Но принципиальное решение и так было у Запада, в Германии точно. Уже до того сокращали и импорт газа, и угля, и нефти. То есть тенденция и так бы продолжалась. И это одна из причин, почему Россия ввела санкции, потому что они уже понимали, что в любом случае это все будет сокращаться.

Да, это будет, наверное, сложная зима. Я не думаю, что люди будут мерзнуть. Но проблема, скорее, в том, что есть часть промышленности, для которой нужны большие объемы газа, чтобы они просто могли продолжать работать. В Германии сейчас активно ищут, как заменить этот российский газ, чтобы избежать рецессии экономической этой зимой. 
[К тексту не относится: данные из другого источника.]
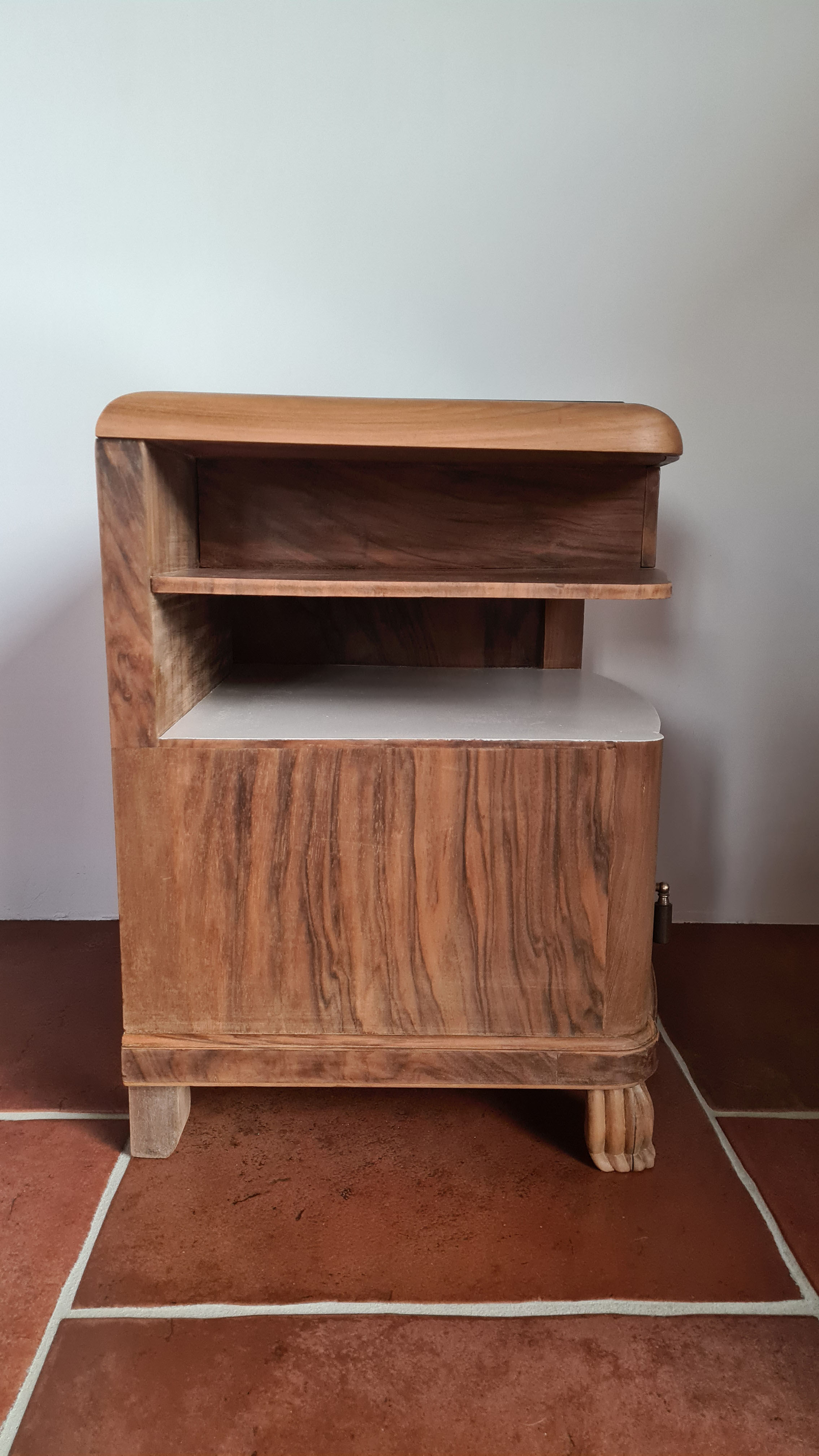 Bedside table or end of sofa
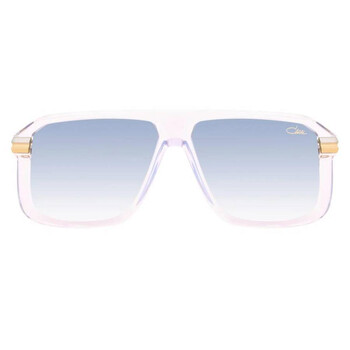 Blue Gradient AR Coated Navigator Sunglasses CAZAL 8050 002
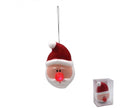 Santa - Light up LED Christmas Tree Bauble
— Как считаете, Германия расконсервирует угольные и атомные электростанции, чтобы преодолеть газовый кризис?

Что касается ядерной энергетики, есть сложные технические вопросы. Насколько я понимаю экспертов, вот этот запланированный полный отход Германии в этом году от ядерных технологий, его уже на этой стадии сложно остановить. И теперь, скорее, говорят о том, чтобы возродить часть угольной энергетики.

Это, конечно, тоже, с экологической точки зрения, плохое решение. Но, может быть, на какой-то переходный период заработают опять или будут дольше работать некоторые угольные электростанции, которые или уже закрылись, или должны были закрыть.
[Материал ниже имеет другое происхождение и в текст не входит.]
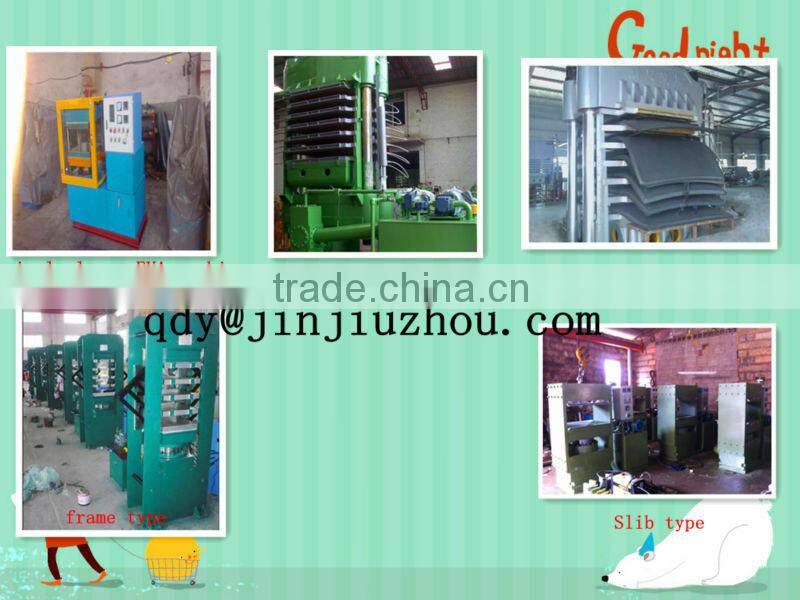 EVA Slipper Making Machine / EVA Foaming press Machine in goworld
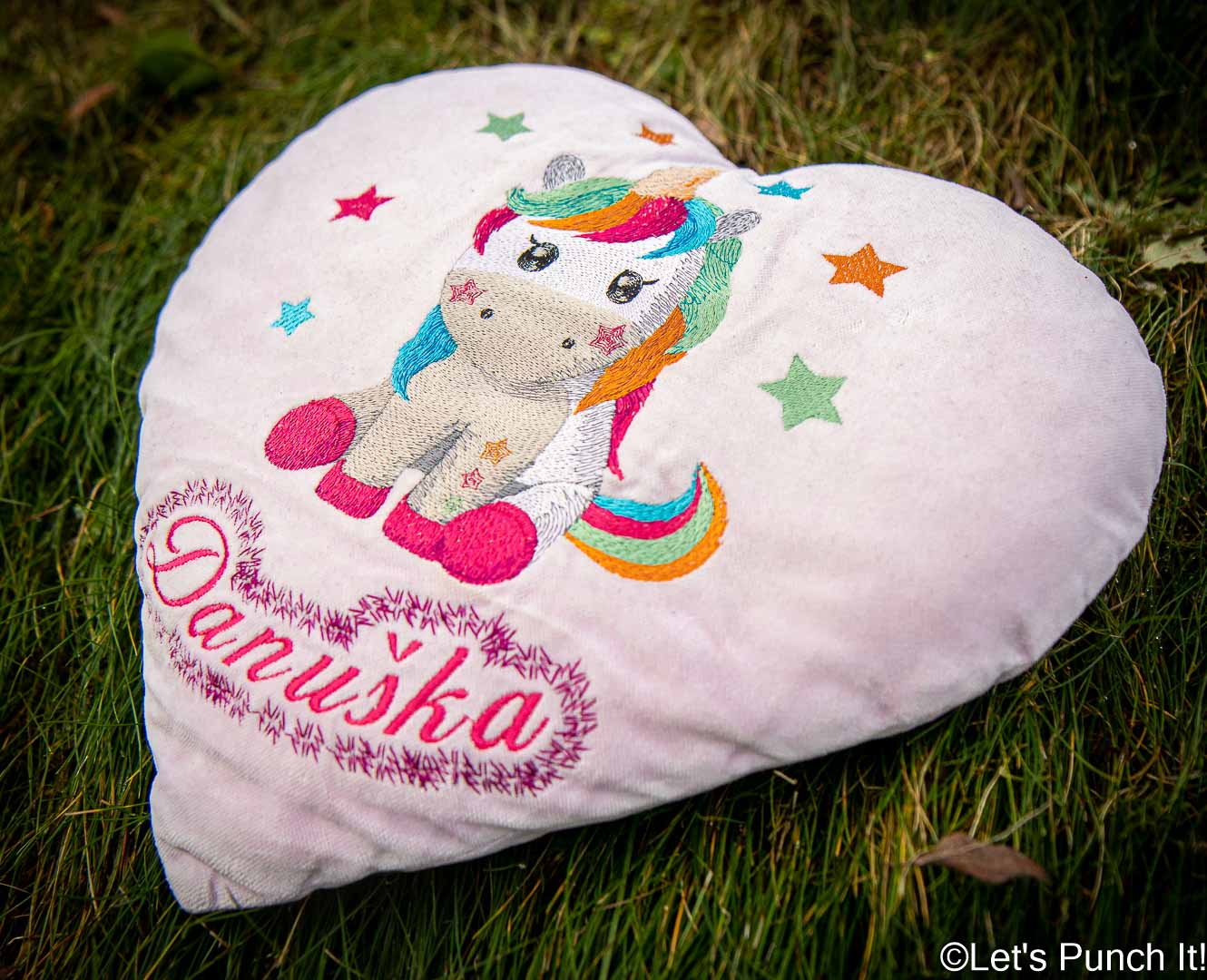 Polštářky se jménem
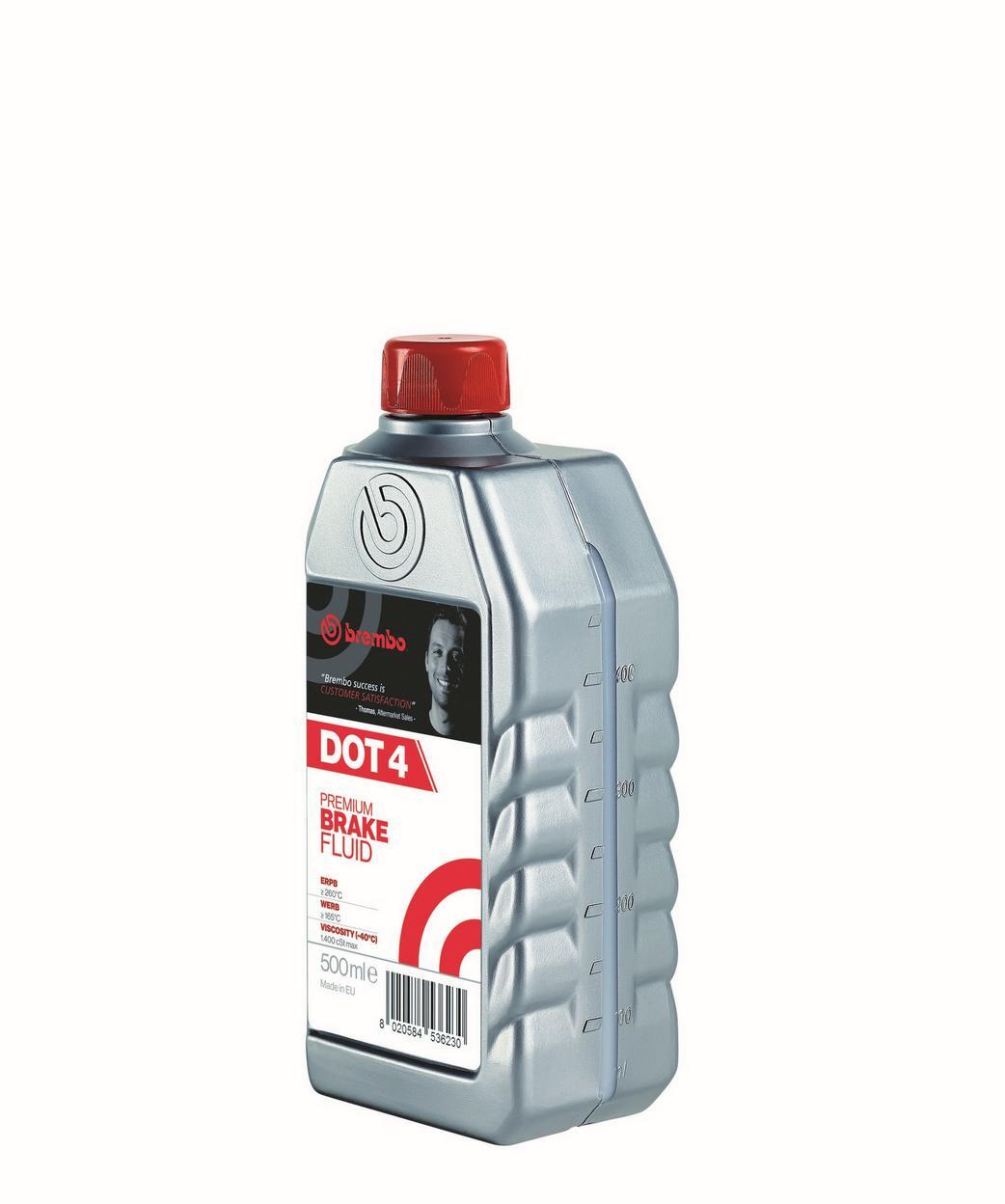 Brembo L04005 DOT 4 Brake Fluid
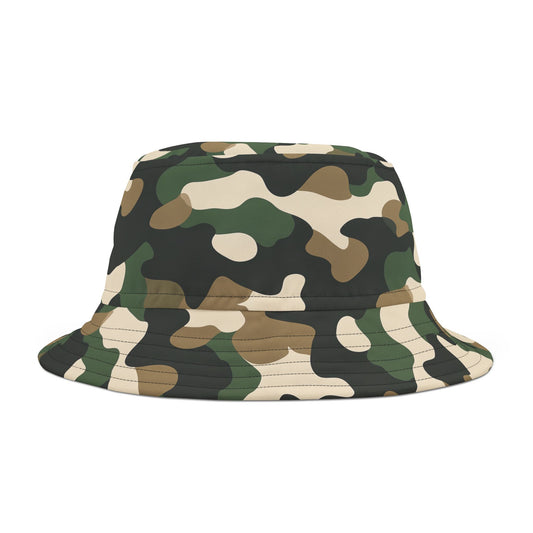 Camo Bucket Hat: Resting Ranger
— Как думаете, при каких условиях с России могут начинать снимать санкции, что должно произойти? 

— По идее, санкции такие, что сначала Россия должна покинуть территорию Украины. Перемирие, и, в общем-то, смена внешнеполитической доктрины. У меня такая надежда, что так же сложно, как было их принять в течение 8 лет, так же сложно их и будет отменять. То есть есть некая инерция принятой какой-то политической линии, и что вот в этом случае эта инерция сыграет в пользу Украины. 

— Как считаете, привяжут ли вопрос снятия санкций к выплатам репараций Украине за разрушение городов и экономики?

— Скорее всего, нет. Это было бы противоречиво в чем-то. Я думаю, это отдельно будет решаться, но мы еще очень далеко от этого сейчас.